Intense domestic borrowing; some of which is intended to finance supplementary budgets, especially ahead of the 2021 elections threatens to make the bad situation worse.
Supplementary budgets should, under current regulations, not exceed 3% of the entire national budget but these have been increasing from 4% in 2008/2009, to 7.2% in 2009/2010 and over 30% of the budget in 2010/11.
These tend to get worse ahead of elections.
Just months to the 2011 election, the government pushed through parliamentary budgets of close to a trillion shillings – with the last round coming in December 2011 right in the middle of campaigns.
Just months to the 2016 election, the government again requested for a Shs847billion supplementary budget, of which only Shs11.9 billion was for development expenditure and a whopping Shs728.1 billion for recurrent expenditure.
In both cases, Uganda suffered. Post-2011 election inflation hit the highs of 30% and post 2016, the economy shrunk further.
The Defense/Security had already thrown this year’s budget off balance.
Butambala MP Muwanga Kivumbi who sits on the parliamentary Budget Committee told The Independent that already Defense/Security was consuming the bulk of new money that the Finance Ministry has asked parliament to approve in an adjusted budget.
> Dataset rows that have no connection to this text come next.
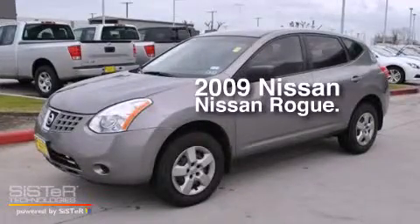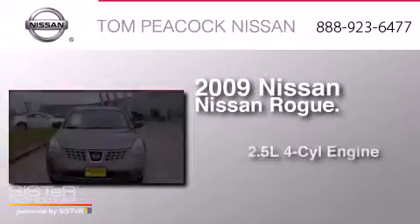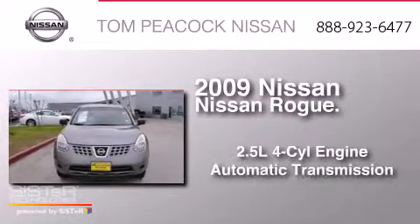This is a 2009 Nissan Rogue. It has a 2.5-liter four-cylinder engine and an automatic transmission.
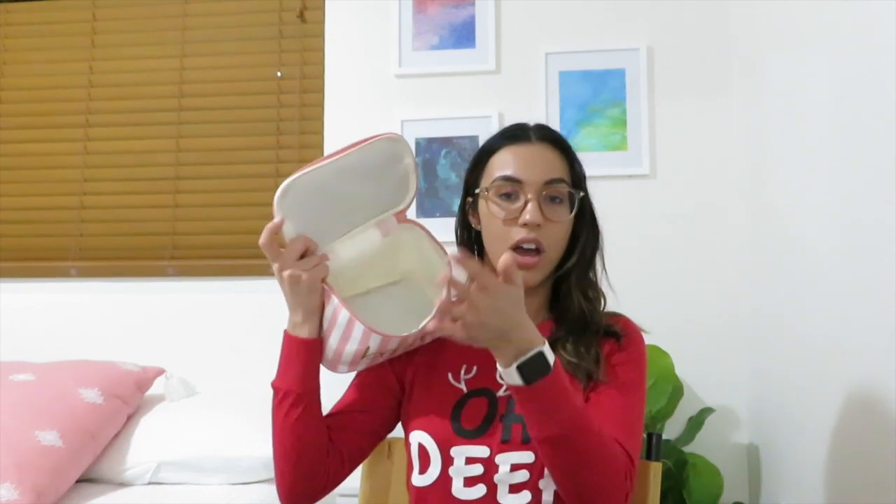The next thing I got was this cute little travel case that says 'believe in yourself.' It's really cute and perfect to put all of your makeup in. It's actually pretty spacious — the fact that it fit all these things inside. I'm going to show you everything I had in this little bag.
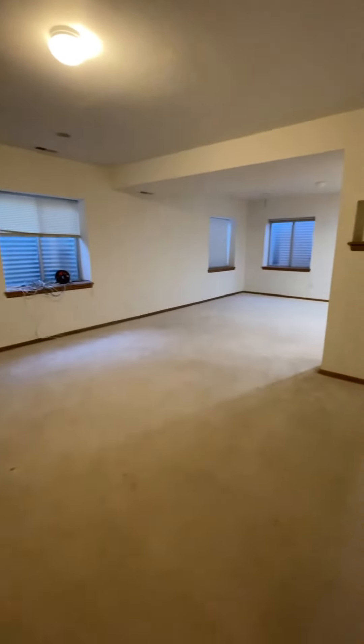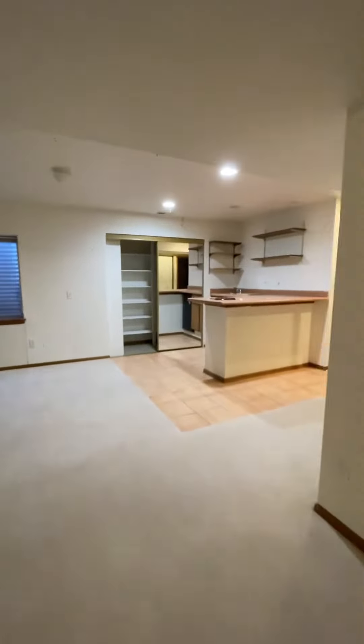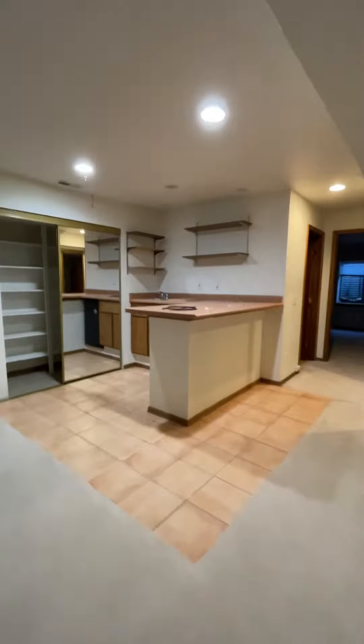Let's go down to the basement real quick. Okay, so huge open space — you've got a separate pantry down here and a wet bar.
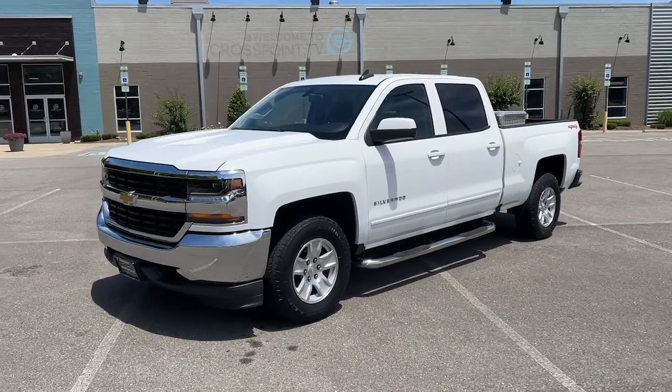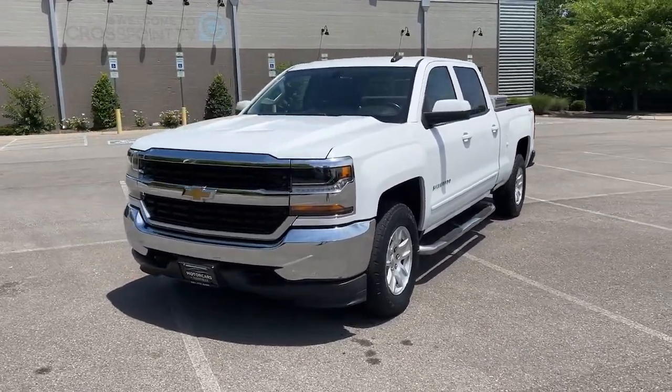Get into a car with value. 2016 Chevrolet Silverado 1500.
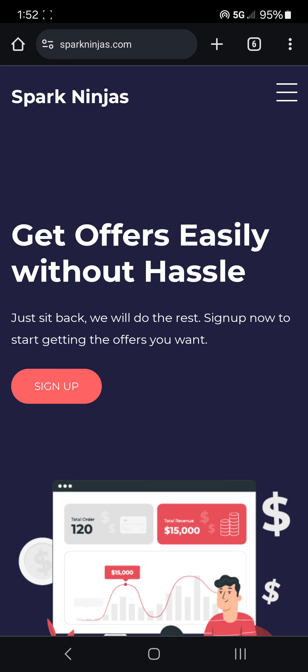I found out about it when there was an article two days ago, that's how I found out about it. Look what they say here: 'Get offers easily without hassle. Just sit back, we will do the rest.' Meaning their software will basically intercept the order for you.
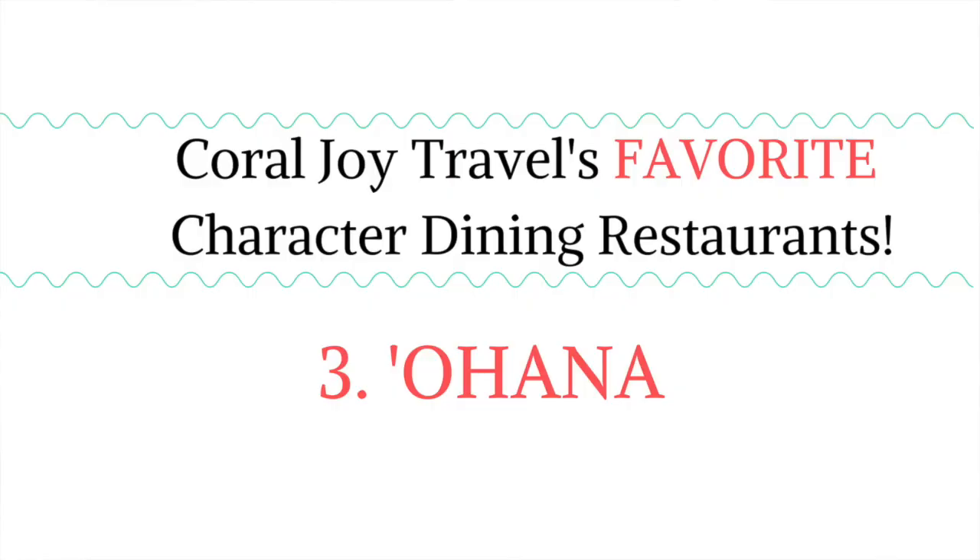My third favorite character dining restaurant is not in one of Walt Disney World's theme parks. It's actually inside of the Disney's Polynesian Resort, which is one of its deluxe resorts right outside of Magic Kingdom. Ohana is a character meal for breakfast and brunch — Ohana's is not open at dinner time for a character meal, it is open at dinner time as just a table service meal. You get to be visited by Lilo, Stitch, Mickey Mouse, and Pluto.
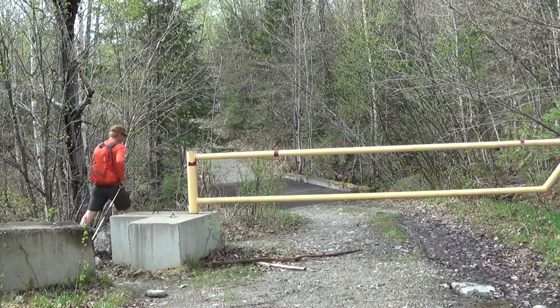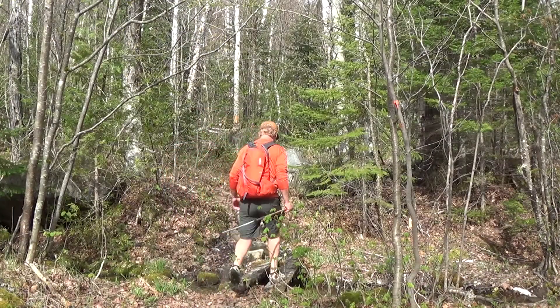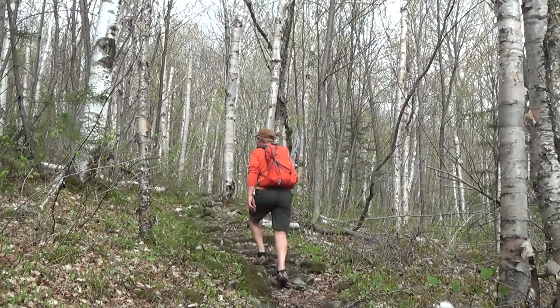Hike past the gate for half a mile to where the Appalachian Trail crosses the road. Look for the white blazes. Turn right or north on the Appalachian Trail.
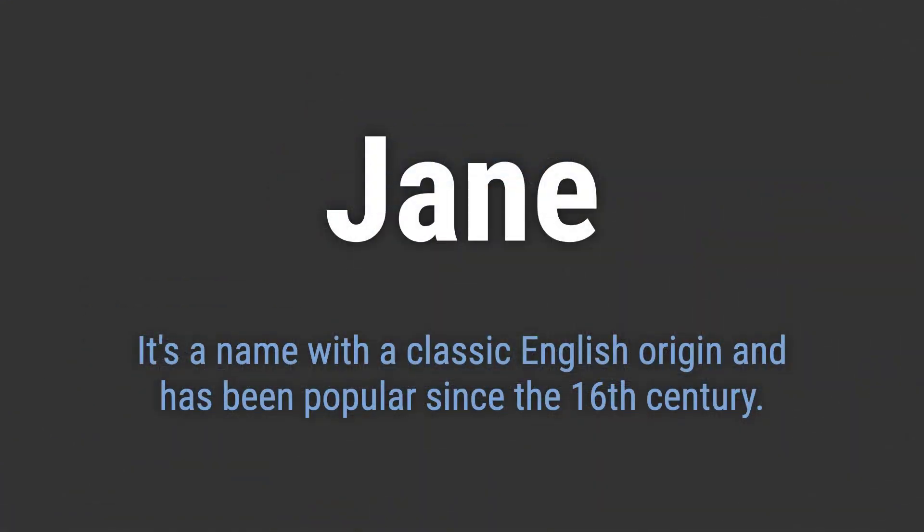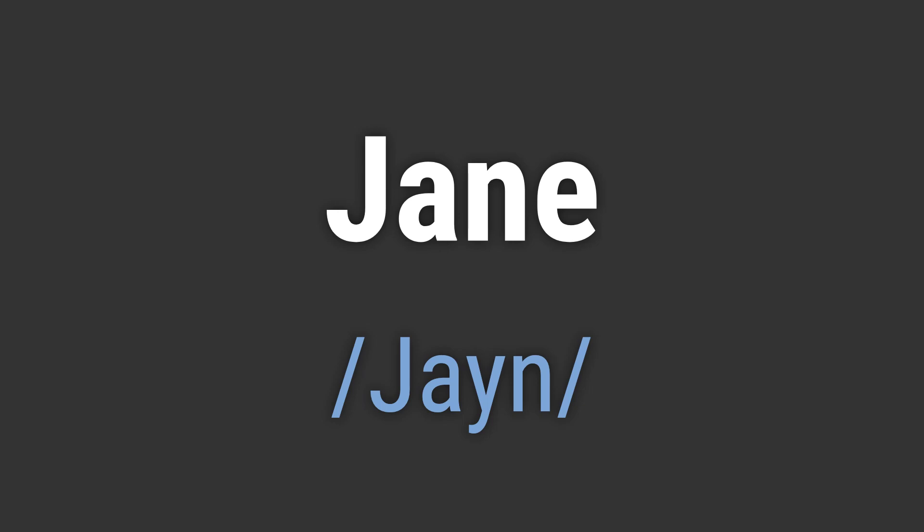It's a name with a classic English origin and has been popular since the 16th century. It's pronounced as Jane.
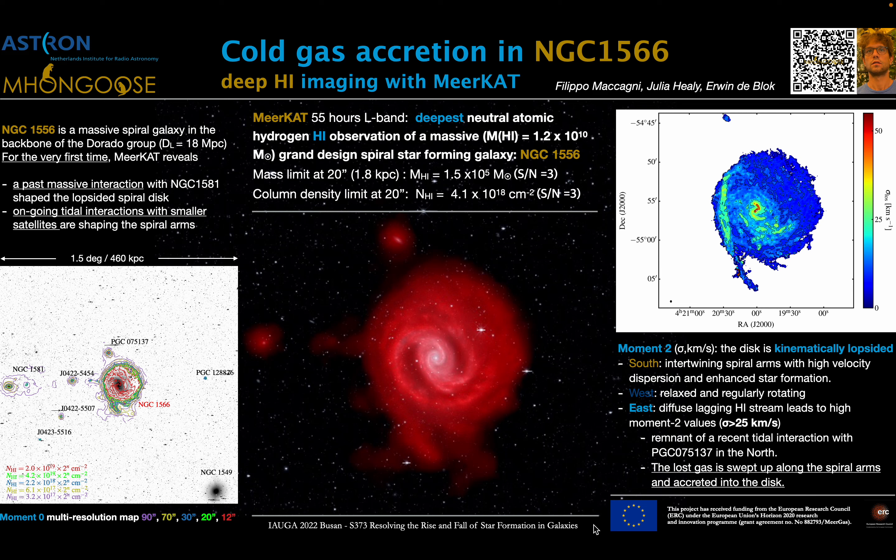Hello, everybody. I'm Filippo Maccagni and today I'm going to talk about the cold gas accretion in NGC 1566 that we could infer from deep H1 imaging with MeerKAT.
The Independent in its recent cover story titled `Museveni doubles military spending’ (Issue565, March 29-April 04) exclusively reported that President Museveni had directed finance officials to push through parliament some US$100 million (Approx.Shs370 billion) as part of a supplementary for the defense budget.
The directive to increase defense spending followed two meetings this month; one with security chiefs and another with officials from the Finance Ministry.
Museveni first met the security chiefs and discussed “tensions with Rwanda”, said a source familiar with the details of the meeting on conditions of anonymity because of the sensitivity of the matter.
After this meeting, the source added, Museveni then summoned officials from the Finance Ministry who he directed to make the allocations.
The Independent also reported that the Security docket would get a significantly bigger allocation in the next FY2019/20 budget that Finance officials are putting together.
The Independent understands, the Finance Ministry will add another $270 million (Approx.1 trillion) to the defense budget for 2019/2020 alone.
Kivumbi said the Security budget is jumping from Shs2 trillion last year to Shs4 trillion. That will push Uganda’s defense spending to over $1 billion dollars again.